------ DATA TO USE ------
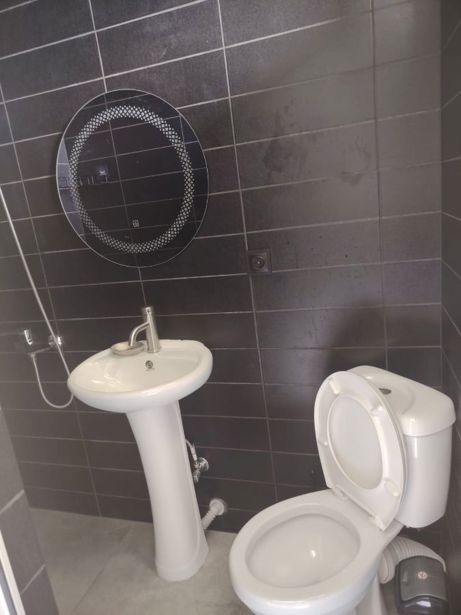 https://static.ss.ge/20260813/17_ab44eccc-1c77-4f9a-b083-4141d4f71859_Thumb.jpg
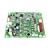 TARJETA MOTOR CONDENSADOR EQUIPO PAQUETE, 10 TON (AP4)/15 TON (AP7)/20 TON (AP6 Y AP7)/RVI SERIES en internet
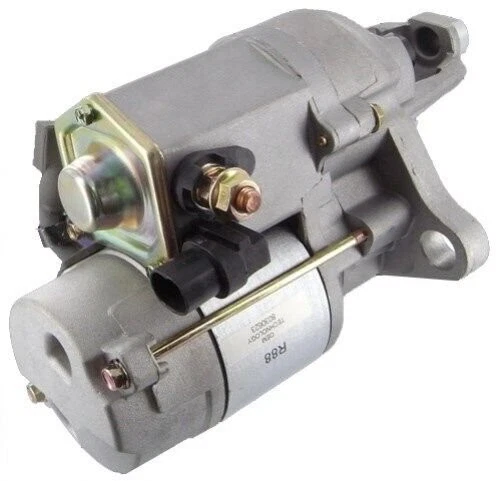 Arranque nuevo para Dodge Durango 5,2 L V8 1999 99 Foto 2 de 4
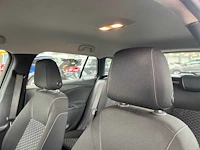 Opel astra sports tourer 1.2 edition* k-565-bf - afbeelding 6 van  15
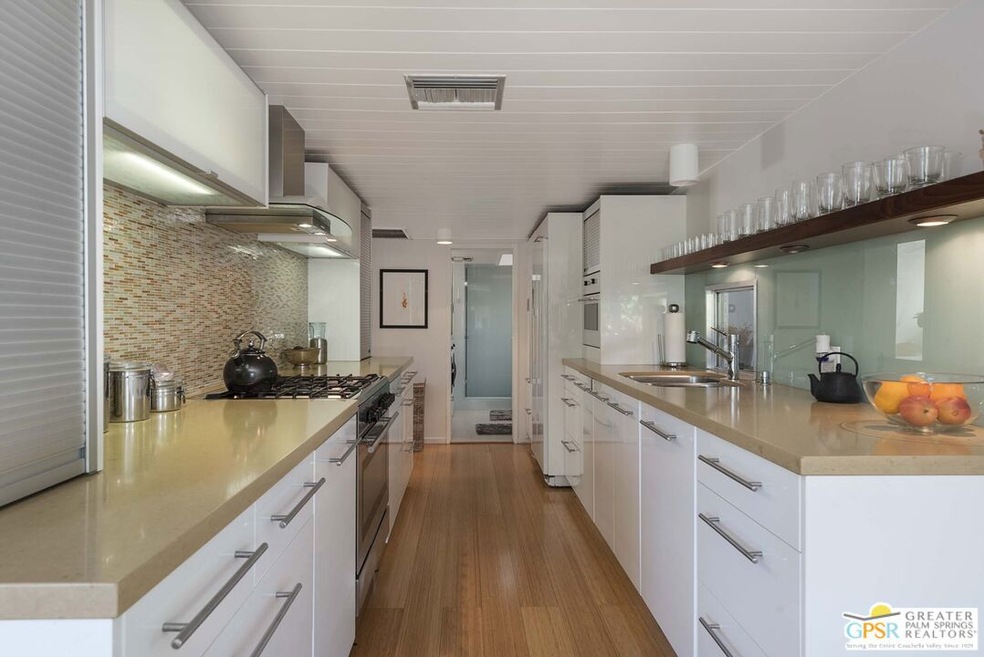 18 Araby St, Palm Springs, CA 92264 - photo 1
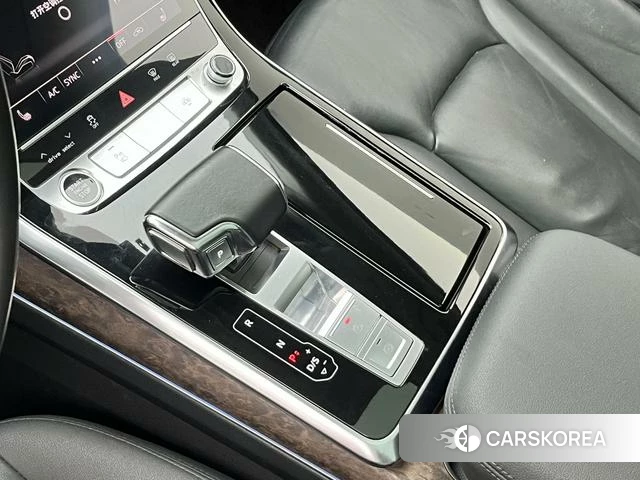 Audi Q7 id 4253332 из Китая 21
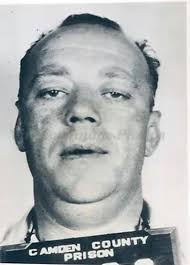 Was just wondering if anyone would have pictures of Vern Miller who was  killed while sitting in a restaurant with partner.He lived across the  street of my brother in law Barry Craig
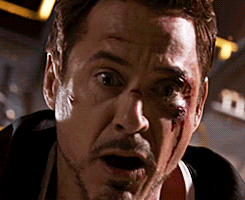 [MCU] 마블이 주인공들을 헤어지게 만드는 방법 (Feat. 소니) | 인스티즈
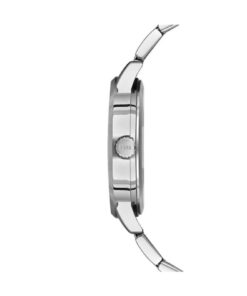 Alternative view of U.S. Polo Assn. USPA1051-01 Erkek Kol Saati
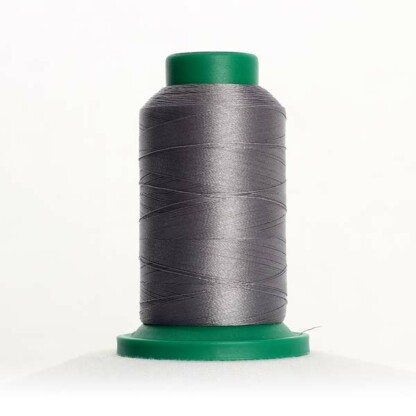 Isacord 0108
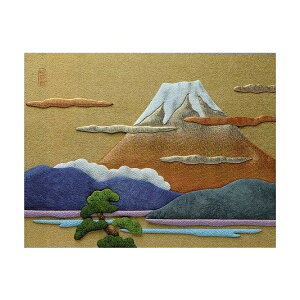 |GLbg K8925uԕxmv GLbg(6) xmR EY EY É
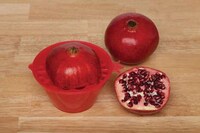 Pomegranate Seed Slicers Image 2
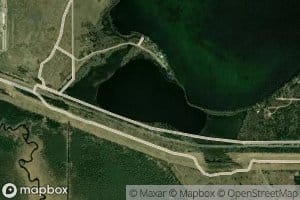Little Midge Lake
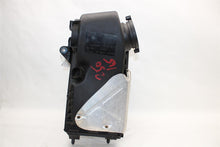Load image into Gallery viewer, AIR CLEANER BOX Volkswagen Touareg 11 12 13 14 15 16 17 - 1396850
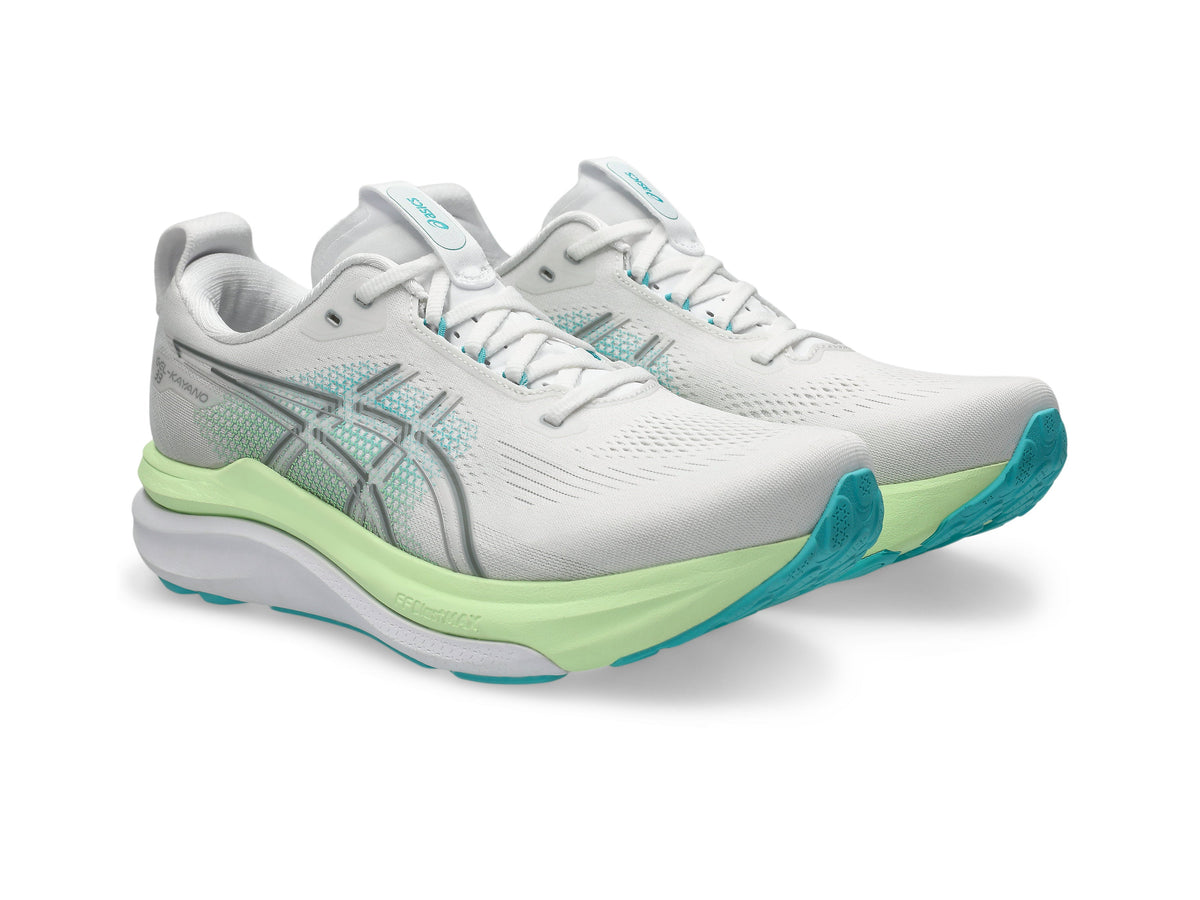 GEL-KAYANO 33 Herren Laufschuh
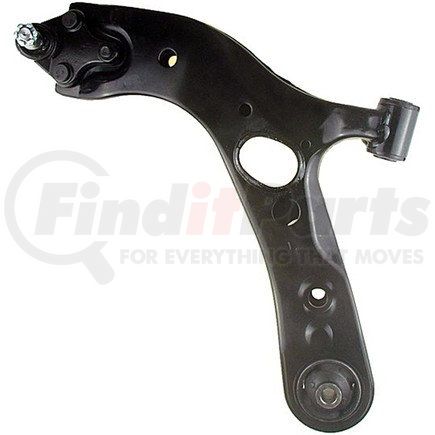 524-477 by DORMAN - Suspension Control Arm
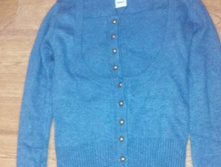 ������ 46 250�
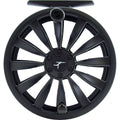 Fly Reel 8/10 G287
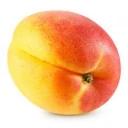 reluchmoreluch emote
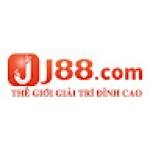 J88 Winpro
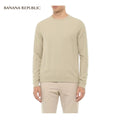 Suéter Manga Larga Banana Republic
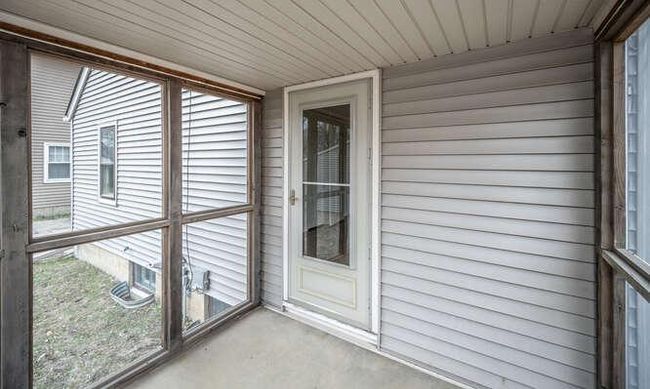 5201 Minnetonka Blvd, Home with 0 bedrooms, 0 bathrooms and null parking in Saint Louis Park MN | Image 20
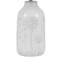 Ellesef Ceramic Table Lamp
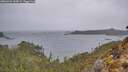 ./images/calvert/foggy-cove/20260321/foggy-cove20260321_144501M.jpg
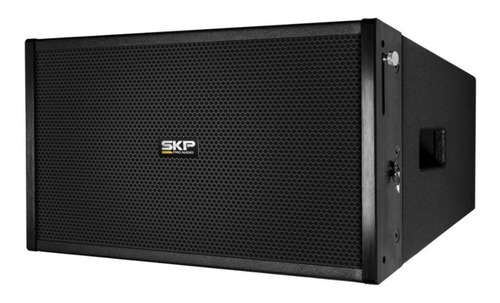 Line Array Pasivo Skp Pro Audio Vls-x10 20 % Off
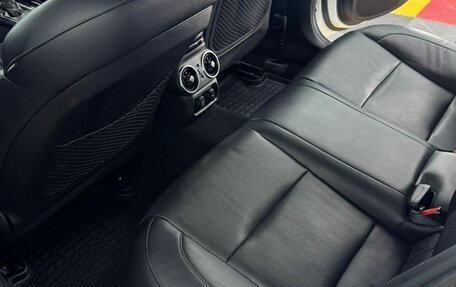 KIA Stinger I, 2019 год, 2 200 000 рублей, 10 фотография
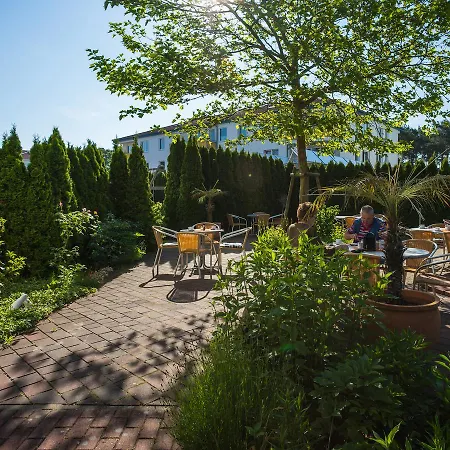 Maiglockchen Gasthof *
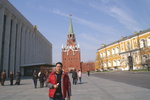 PICT0274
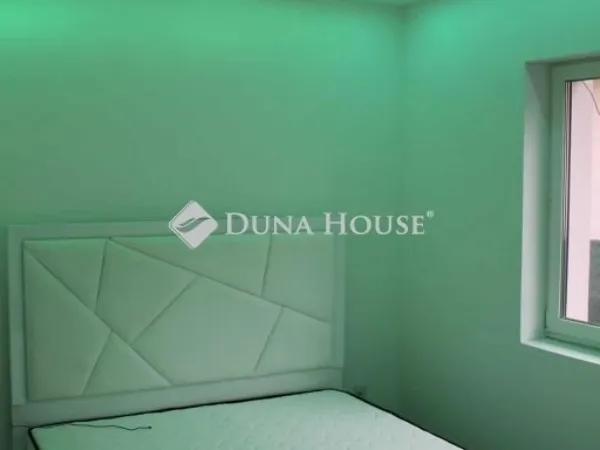 Eladó ház Budakalász 171 nm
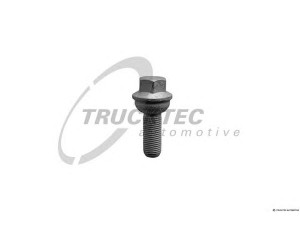 TRUCKTEC AUTOMOTIVE 02.33.022 rato varžtas
68006805AA, 000 990 2407, WHT 000 888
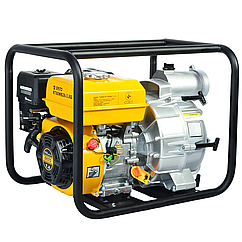 Мотопомпа Rato RT80WB26-3.8 Q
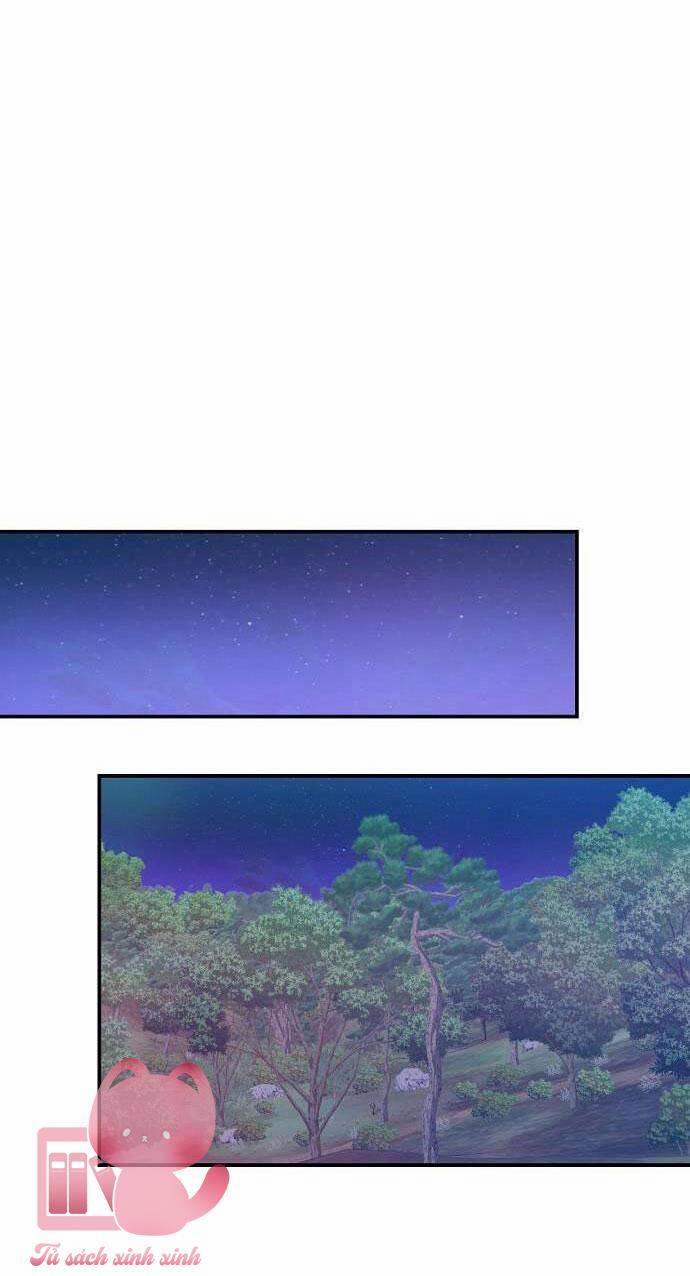 Onsaemiro 25 trang 50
------
YOUR TASK = Output each record above exactly as it stands, excluding all pictures.

EXPECTED OUTPUT =
 https://static.ss.ge/20260813/17_ab44eccc-1c77-4f9a-b083-4141d4f71859_Thumb.jpg
 TARJETA MOTOR CONDENSADOR EQUIPO PAQUETE, 10 TON (AP4)/15 TON (AP7)/20 TON (AP6 Y AP7)/RVI SERIES en internet
 Arranque nuevo para Dodge Durango 5,2 L V8 1999 99 Foto 2 de 4
 Opel astra sports tourer 1.2 edition* k-565-bf - afbeelding 6 van  15
 18 Araby St, Palm Springs, CA 92264 - photo 1
 Audi Q7 id 4253332 из Китая 21
 Was just wondering if anyone would have pictures of Vern Miller who was  killed while sitting in a restaurant with partner.He lived across the  street of my brother in law Barry Craig
 [MCU] 마블이 주인공들을 헤어지게 만드는 방법 (Feat. 소니) | 인스티즈
 Alternative view of U.S. Polo Assn. USPA1051-01 Erkek Kol Saati
 Isacord 0108
 |GLbg K8925uԕxmv GLbg(6) xmR EY EY É
 Pomegranate Seed Slicers Image 2
Little Midge Lake
Load image into Gallery viewer, AIR CLEANER BOX Volkswagen Touareg 11 12 13 14 15 16 17 - 1396850
 GEL-KAYANO 33 Herren Laufschuh
 524-477 by DORMAN - Suspension Control Arm
 ������ 46 250�
 Fly Reel 8/10 G287
 reluchmoreluch emote
 J88 Winpro
 Suéter Manga Larga Banana Republic
 5201 Minnetonka Blvd, Home with 0 bedrooms, 0 bathrooms and null parking in Saint Louis Park MN | Image 20
 Ellesef Ceramic Table Lamp
 ./images/calvert/foggy-cove/20260321/foggy-cove20260321_144501M.jpg
 Line Array Pasivo Skp Pro Audio Vls-x10 20 % Off
 KIA Stinger I, 2019 год, 2 200 000 рублей, 10 фотография
 Maiglockchen Gasthof *
 PICT0274
 Eladó ház Budakalász 171 nm
 TRUCKTEC AUTOMOTIVE 02.33.022 rato varžtas
68006805AA, 000 990 2407, WHT 000 888
 Мотопомпа Rato RT80WB26-3.8 Q
 Onsaemiro 25 trang 50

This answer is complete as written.